We all have that friend from our past who we think of fondly. The wild times we had, the crimes we couldn’t get away with now, memories that all start with a laugh…but now that friend has grown bitter and crass, their Facebook feed hidden so we don’t have to see the racist rants, the pyramid schemes, the conspiracy theories that turned our once-fun friend into a bloated monster.
For many music lovers, that friend is Morrissey.
The ex-Smiths frontman’s Low In High School is another addition to the ever-weakening Moz canon, a decline that started, frankly, with the B-side of Strangeways Here We Come and continues to fall into a seemingly bottomless pit of snide despair. The same man who wrote the lilting and lovely “Suedehead” is now whining out “Spent the Day in Bed”
(Side note: My editor, the lovely Robert Ham, saw Morrissey in Portland and reported that the merch booth has “Spent the Day in Bed” sleep masks, and my love of rock & roll home goods far outweighs my dislike of this song. What I’m saying is, please buy me one.)
If there’s one thing this album does have going for it right off the top, it’s that the songs are each musically distinct. They’re clearly separate entities; each of them could function as a single. “I Bury the Living” sounds, musically, exactly like you would imagine a song titled “I Bury The Living” would sound like—shivering keyboards and guitars that bounce back and forth like they’re being played like a marimba—while “All The Young People Must Fall In Love” has gospel handclaps and fresh, twangy guitars. Unfortunately, they all have heavy-handed Morrissey lyrics on top of them. We’re a long way from the exquisite poetry of “Why pamper life’s complexities when the leather runs smooth on the passenger seat?” Hell, we’re a long way from the subtlety of “Straightened myself out, thank you, drop dead.”
But the album’s first decent song, “Jacky’s Only Happy When She’s On Stage” would be much more enjoyable if it had been released earlier this year, but the repetition of “Everybody’s running to the exit” conjures up the terrorist attack on the Ariane Grande show in Manchester, Morrissey’s hometown, more than the Brexit allegory he may have been trying to spin. But “When You Open Your Legs” is the most honest song on the album. It’s simple and straightforward and sad and sweet. In other words, the Morrissey we know and love.

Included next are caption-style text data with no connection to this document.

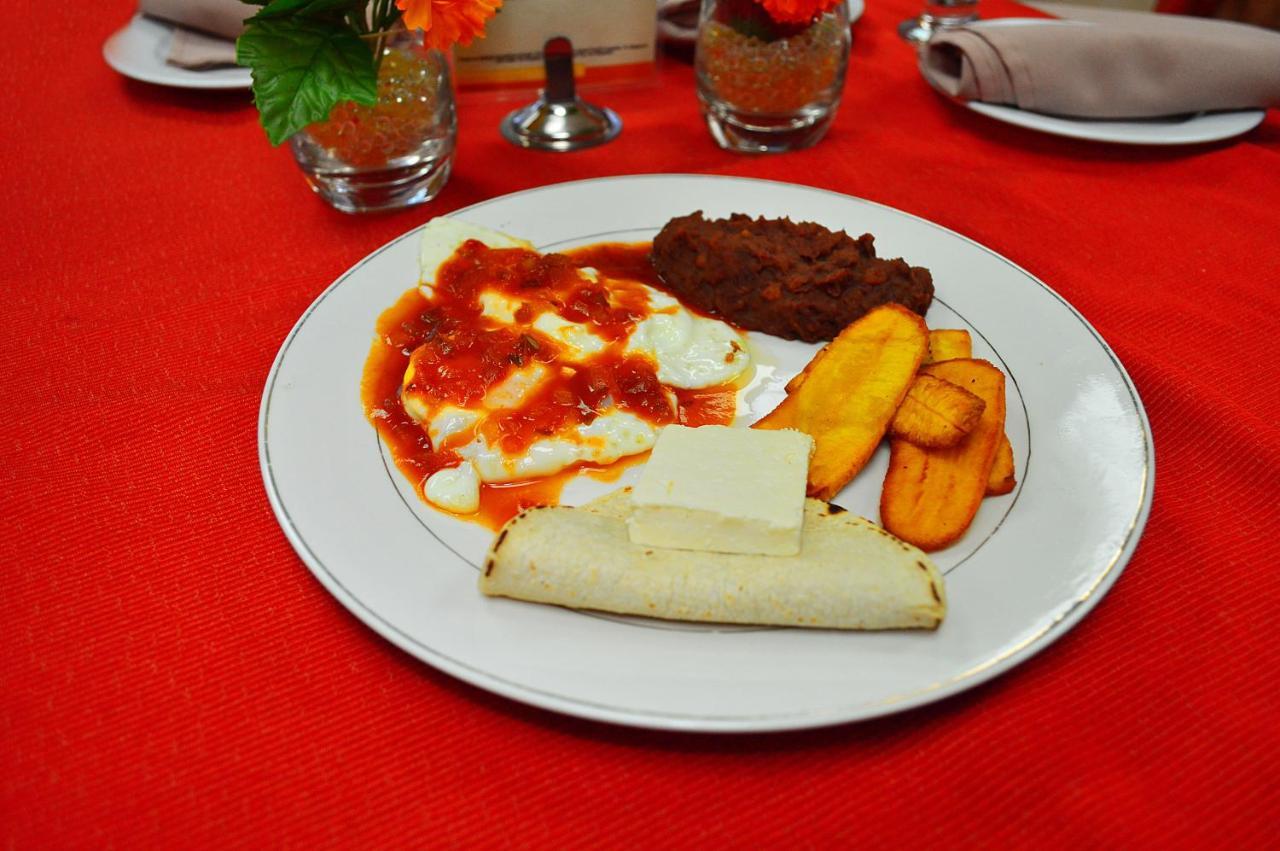 Hotel Ejecutivo San Pedro Sula Eksteriør bilde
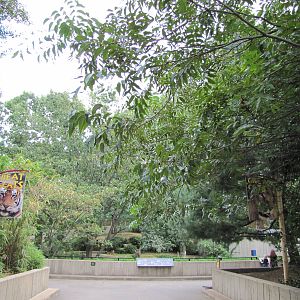 National Zoo 2010 - Entrance to Great Cats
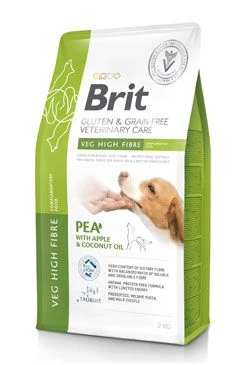 Dog GF Veg High Fibre Gramáž 2kg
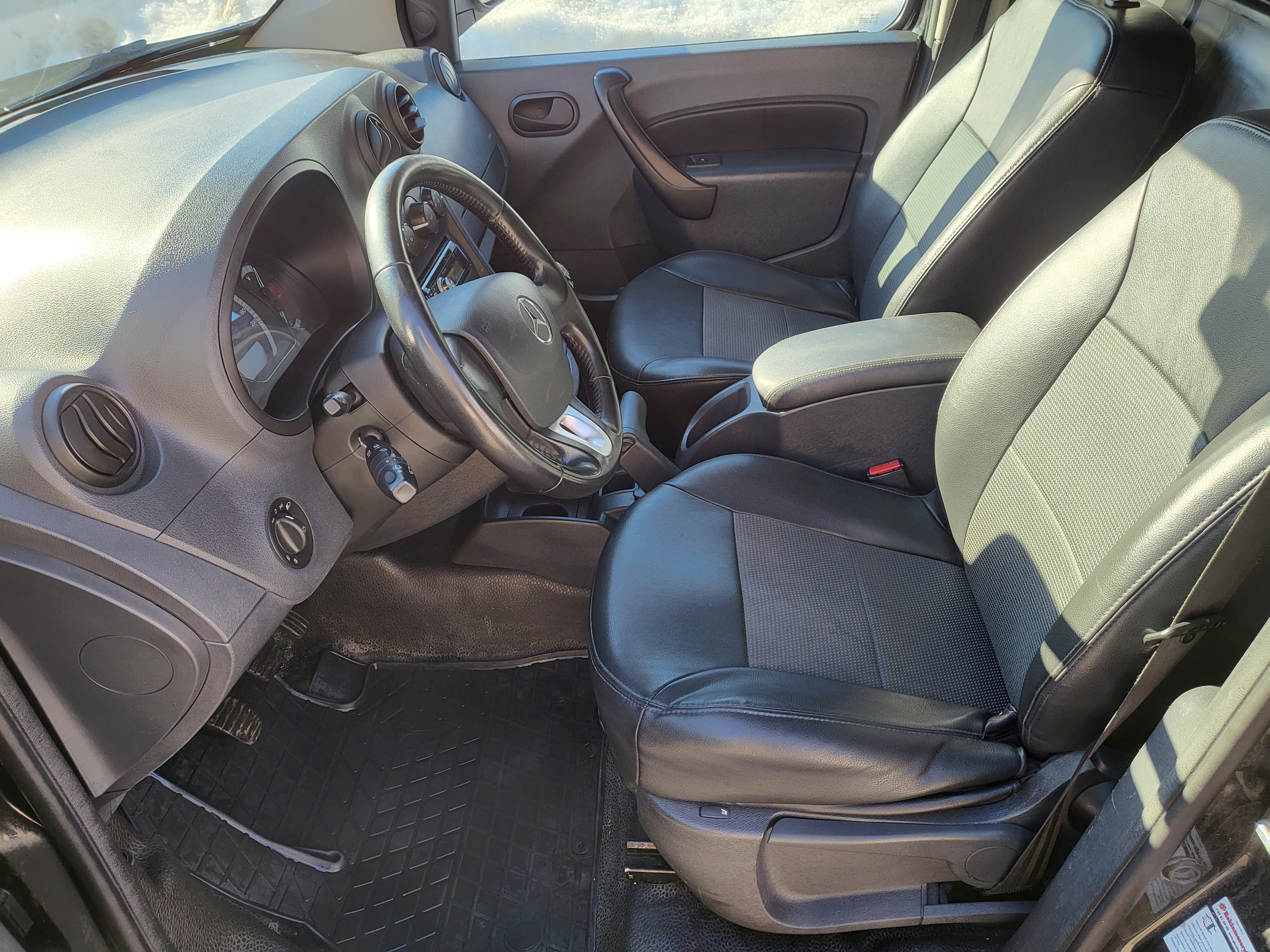 Mercedes Citan met Bluetooth audio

But most frustrating about this album are the shades of old Morrissey; “My Love, I’d Do Anything For You” has shades of “Glamorous Glue” in all of its rock-grind posturing. But lyrically, he far overestimates his influence. “Society’s hell/you need me just like I need you,” he sings. Raise your hands if you no longer need a 58-year-old hipster to speak for what you feel inside. Similarly, “I Wish You Lonely” and “Home is a Question” sounds like one of the many Morrissey knock-off acts that rose up in the early 2000s; all of the misery, none of the charm. This would be a great Nightmare of You song, but Moz wrote “Sister, I’m a Poet.” He has no excuse for this drivel. The songs themselves aren’t bad, they’re just not good.
Think of Low In High School as you head home for Thanksgiving. Maybe you’ll go to the old bar, see who’s hanging out. But you know who is going to be there, running his dumb mouth? Your Morrissey. Maybe you’ll remember the good times. But more than likely, you’ll have to listen to a bunch of drivel. No punches will get thrown, just as you probably wouldn’t throw this album out the car window. But you’re not going to enjoy the experience, no matter how high your hopes were. The time has passed and while yes, society is hell, we don’t need you anymore Morrissey.